Is C++ considered weakly typed? Why?
Asked Answered
M

6

29

I've always considered C++ to be one of the most strongly typed languages out there.
So I was quite shocked to see Table 3 of this paper state that C++ is weakly typed.

Apparently,

C and C++ are considered weakly typed since, due to type-casting, one can interpret a field of a structure that was an integer as a pointer.

Is the existence of type casting all that matters? Does the explicit-ness of such casts not matter?

More generally, is it really generally accepted that C++ is weakly typed? Why?

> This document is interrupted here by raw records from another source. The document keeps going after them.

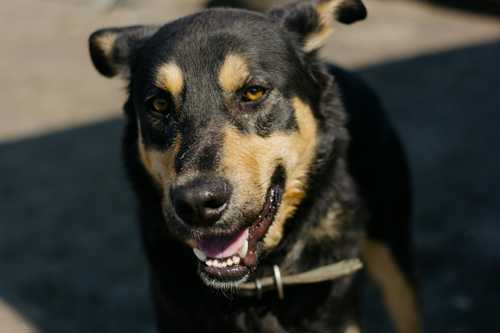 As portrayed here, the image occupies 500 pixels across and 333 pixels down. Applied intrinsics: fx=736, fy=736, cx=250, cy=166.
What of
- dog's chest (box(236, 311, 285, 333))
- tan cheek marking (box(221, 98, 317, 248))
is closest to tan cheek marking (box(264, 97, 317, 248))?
tan cheek marking (box(221, 98, 317, 248))

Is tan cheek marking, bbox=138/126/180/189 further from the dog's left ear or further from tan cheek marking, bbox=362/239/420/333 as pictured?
tan cheek marking, bbox=362/239/420/333

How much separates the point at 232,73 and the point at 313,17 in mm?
654

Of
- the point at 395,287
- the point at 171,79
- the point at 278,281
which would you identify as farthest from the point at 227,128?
the point at 395,287

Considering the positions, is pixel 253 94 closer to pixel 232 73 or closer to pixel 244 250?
pixel 232 73

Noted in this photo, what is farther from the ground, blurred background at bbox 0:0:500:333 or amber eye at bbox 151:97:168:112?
amber eye at bbox 151:97:168:112

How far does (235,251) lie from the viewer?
3074 mm

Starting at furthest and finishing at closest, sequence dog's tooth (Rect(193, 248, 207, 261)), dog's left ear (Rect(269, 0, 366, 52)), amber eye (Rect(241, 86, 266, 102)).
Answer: dog's left ear (Rect(269, 0, 366, 52))
amber eye (Rect(241, 86, 266, 102))
dog's tooth (Rect(193, 248, 207, 261))

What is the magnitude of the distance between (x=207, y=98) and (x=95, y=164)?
364 cm

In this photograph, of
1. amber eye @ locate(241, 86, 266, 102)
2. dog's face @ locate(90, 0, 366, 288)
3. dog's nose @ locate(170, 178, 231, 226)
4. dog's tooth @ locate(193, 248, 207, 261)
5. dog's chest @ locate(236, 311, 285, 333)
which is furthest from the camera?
dog's chest @ locate(236, 311, 285, 333)

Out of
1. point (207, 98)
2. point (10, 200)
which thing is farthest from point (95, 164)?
point (207, 98)

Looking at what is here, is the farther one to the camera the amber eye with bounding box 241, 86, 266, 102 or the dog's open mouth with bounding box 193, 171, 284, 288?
the amber eye with bounding box 241, 86, 266, 102

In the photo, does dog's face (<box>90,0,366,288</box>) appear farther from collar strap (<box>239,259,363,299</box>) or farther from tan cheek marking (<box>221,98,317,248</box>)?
collar strap (<box>239,259,363,299</box>)

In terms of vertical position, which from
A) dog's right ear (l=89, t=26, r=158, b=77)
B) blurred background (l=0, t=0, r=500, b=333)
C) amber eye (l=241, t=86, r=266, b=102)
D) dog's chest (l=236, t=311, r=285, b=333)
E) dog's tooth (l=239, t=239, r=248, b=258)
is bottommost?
blurred background (l=0, t=0, r=500, b=333)

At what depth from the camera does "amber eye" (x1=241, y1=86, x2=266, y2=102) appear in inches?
126
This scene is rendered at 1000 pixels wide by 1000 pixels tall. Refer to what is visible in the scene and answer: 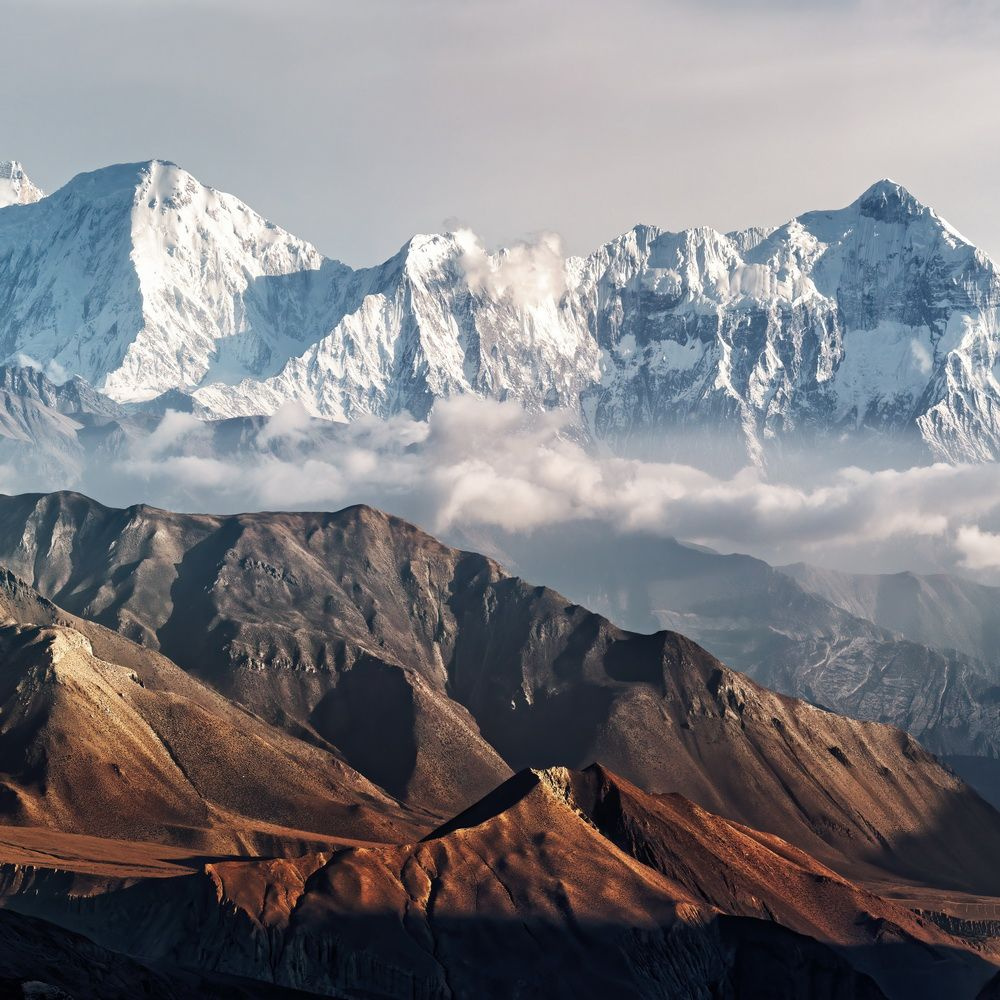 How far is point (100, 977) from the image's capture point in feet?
626

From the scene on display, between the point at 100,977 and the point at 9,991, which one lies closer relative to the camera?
the point at 9,991

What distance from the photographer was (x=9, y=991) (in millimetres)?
167625

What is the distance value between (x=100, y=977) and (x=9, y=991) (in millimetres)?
24024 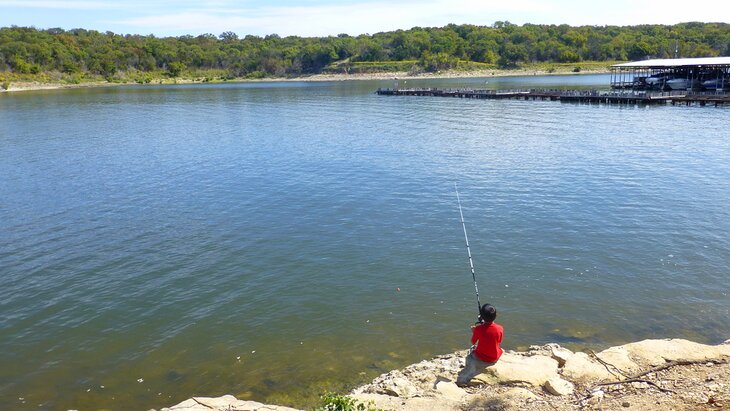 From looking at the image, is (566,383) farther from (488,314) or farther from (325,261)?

Malevolent answered 5/11, 2014 at 9:23 Comment(13)
C++ isn't weakly typed, but you can subvert the type system if you want to. So one could argue that it isn't fully strongly typed.Economically
.. and if it allows you (type punning is tricky)Boogiewoogie
So how is C# considered strongly typed? Can't you do exactly the same thing with unsafe or by using the Marshal class?Malevolent
@Mehrdad I think "weakly typed" is a quite subjective term. "Strictly typed" and "statically typed" vs. "loosely typed" and "dynamically typed" are more objective, more precise words. From what I can tell, generally people use "weakly typed" as a diminutive-pejorative term which means "I don't like the notion of types in this language". It's sort of an argumentum ad hominem (or rather, argumentum ad linguam) for those who can't bring up professional-technical arguments against a particular language.Arceliaarceneaux
@TheParamagneticCroissant: I see. So what would "strictly typed" mean?Malevolent
Also the quote would suggest that it may be dynamically typed, rather than weakly typed.Economically
I believe you can do int x = false; because C++ allows conversion between bool and int (note that the compiler may WARN about it, but if it's not an error, then the language is weakly typed at least when it comes to bool and int combinations)Rios
@Mehrdad It also has slightly different interpretations; the generally accepted meaning is "the compiler generates errors if types don't match up". Another interpretation is that "there are no or few implicit conversions". Based on this, C++ can actually be considered a strictly typed language, and most often it is considered as such.Arceliaarceneaux
@Mehrdad Also, there are some programmers, especially beginners unfamiliar with a lot of languages, who don't intend to or can't make the distinction between "strict" and "static", "loose" and "dynamic", and conflate the two - otherwise orthogonal - concepts based on their limited experience (i. e. the correlation of dynamism and loose typing in popular scripting languages, for example). In reality, parts of C++ (virtual calls) impose the requirement that the type system be partially dynamic, but other things in the standard require that it be strict. Again, this is not a problem.Arceliaarceneaux
Bjarne Stroustrup's book mentions that C++ is a strongly typed language on page 2. Who would know better than him :-)Smaragdite
@MatsPetersson : I think it's worth pointing out that warnings can also be promoted to errors (-Werror with g++ for example).Blenny
That paper contradicts itself, and even cited quote contains two false states. I.e. "weakly typed" is a term they invented by inverting "strictly typed". Second, "one can interpret a field of a structure that was an integer as a pointer" seems to be oddly narrow case which almost never ever happens or used (and generally is undefined behaviour) and may happen only through explicit cast structure which must dodge all restrictions language rules use to prohibit exactly thatHarping
They literally say that a gun is dangerous for its owner because owner can commit suicide with its help.Harping
P
39

That paper first claims:

In contrast, a language is weakly-typed if type-confusion can occur silently (undetected), and eventually cause errors that are difficult to localize.

And then claims:

Also, C and C++ are considered weakly typed since, due to type-casting, one can interpret a field of a structure that was an integer as a pointer.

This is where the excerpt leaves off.